**INFORMATION SUPPLIED**
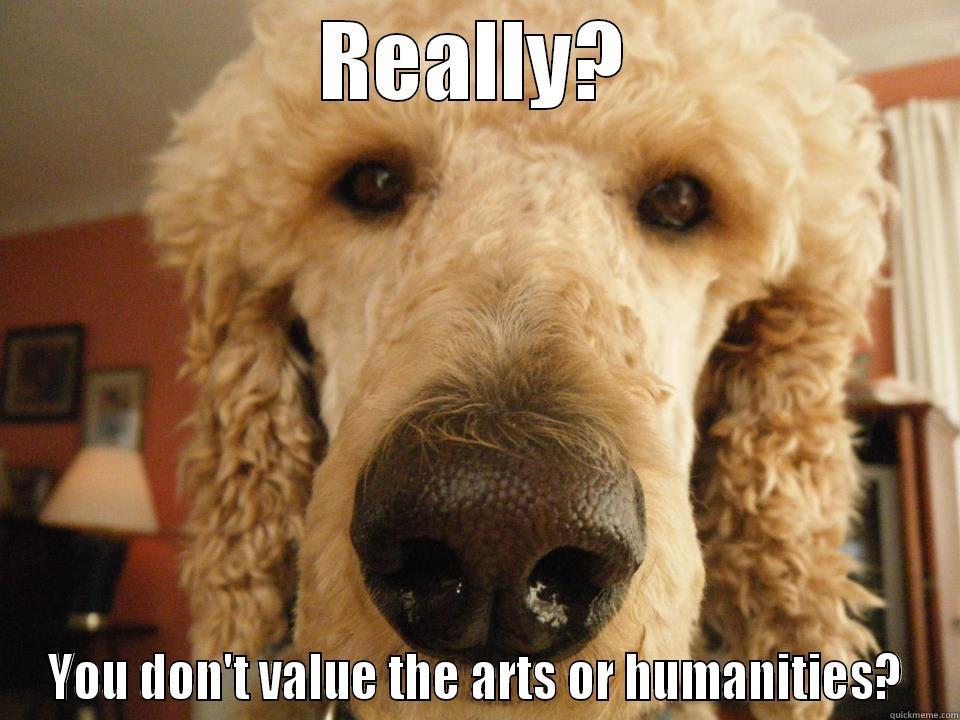 REALLY? YOU DON'T VALUE THE ARTS OR HUMANITIES? Misc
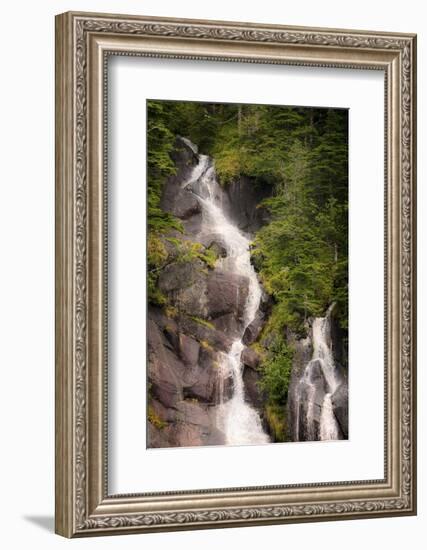 Kenai Peninsula. Two waterfalls surrounded by pine trees-Janet Muir-Framed Photographic Print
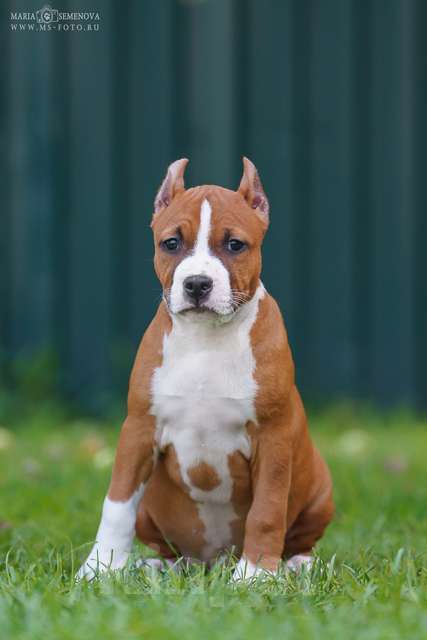 Собаки в Москве: Щенки Американского стаффтерьера Девочка, 80 000 руб. - фото 3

**EXERCISE DESCRIPTION**
What is needed is an exact restatement of the lines from the line with "Kenai Peninsula. Two" through the final line of the data, pictures excluded.

**WRITTEN REPLY**
 Kenai Peninsula. Two waterfalls surrounded by pine trees-Janet Muir-Framed Photographic Print
 Собаки в Москве: Щенки Американского стаффтерьера Девочка, 80 000 руб. - фото 3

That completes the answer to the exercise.